Alexander Grigorevich Arutiunian (1920-2012)
Trumpet Concerto in A-flat major

アルチュニアンは1920年、アルメニアの首都エレヴァンに生まれました。アルメニアは黒海とカスピ海に挟まれた内陸国で、ユーラシア大陸の東西を結ぶ要所であったために、古くからオスマン帝国やペルシャ、ロシアなどの支配を受け続けてきました。ゆえにアルメニア人は、強烈な民族意識や伝統文化に対する誇りをもっていると言われています。アルチュニアンも例外ではなく、アルメニア民謡の旋律・リズムを取り入れた作品によって自身の民族意識を表現しています。

このトランペット協奏曲は、1950年の第3回ソヴィエト連邦作曲家同盟総会のために作曲されました。この協奏曲の主題は1943年に書きとめられていたものですが、この曲が誕生した背景には次のような物語があります。

アルチュニアンは少年時代、夏休みを過ごしていた避暑地の貸し別荘で、毎日トランペットを練習しているツォラク・バルタサリアンと出会いました。当時バルタサリアンはモスクワ音楽院の学生でしたが、卒業後に歌劇場のトランペット奏者としてアルチュニアンの住むエレヴァンへ赴任したことで両者の親交はその後も続くこととなりました。アルチュニアンが1943年に作曲した主題をバルタサリアンはとても気に入り、この主題でトランペット協奏曲を作曲するよう強く勧めました。しかしバルタサリアンはこの協奏曲の完成をみることなくその年に兵役について、戦死してしまいます。友人の死の悲しみの中でこの主題は温められ、1950年にトランペット協奏曲として完成しました。

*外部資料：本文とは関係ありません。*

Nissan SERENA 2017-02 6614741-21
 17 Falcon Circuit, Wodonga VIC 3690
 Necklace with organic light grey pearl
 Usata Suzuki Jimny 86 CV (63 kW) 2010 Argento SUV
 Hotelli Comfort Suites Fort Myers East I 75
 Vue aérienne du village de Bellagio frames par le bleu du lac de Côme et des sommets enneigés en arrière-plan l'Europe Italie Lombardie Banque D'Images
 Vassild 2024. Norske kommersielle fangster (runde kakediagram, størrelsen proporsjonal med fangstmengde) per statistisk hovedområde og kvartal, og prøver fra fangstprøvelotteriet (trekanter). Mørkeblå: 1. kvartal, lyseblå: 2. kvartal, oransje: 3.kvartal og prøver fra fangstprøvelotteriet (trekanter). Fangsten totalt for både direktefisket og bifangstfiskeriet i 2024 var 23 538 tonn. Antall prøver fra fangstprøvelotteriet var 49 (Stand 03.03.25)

この協奏曲は、ソナタ形式の各部分にエピソードが挿入されたユニークな構成であり、全て続けて単一楽章として演奏されます。独奏トランペットによる力強い序奏の後、颯爽とした独奏トランペットの主題が現れます。この主題による提示部—展開部—再現部の各間に、クラリネットに始まるゆったりしたメロディのエピソードⅠ、ミュート(弱音器)をつけた独奏トランペットによるエピソードⅡが挿入されます。終結部のカデンツァは、トランペットの名手ティモフェイ・ドクシツェルにより後から付けられたものですが、この見事なカデンツァによって作品の価値はさらに高められました。カデンツァの後は変イ音(ラ♭)のユニゾンによって力強く曲が閉じられます。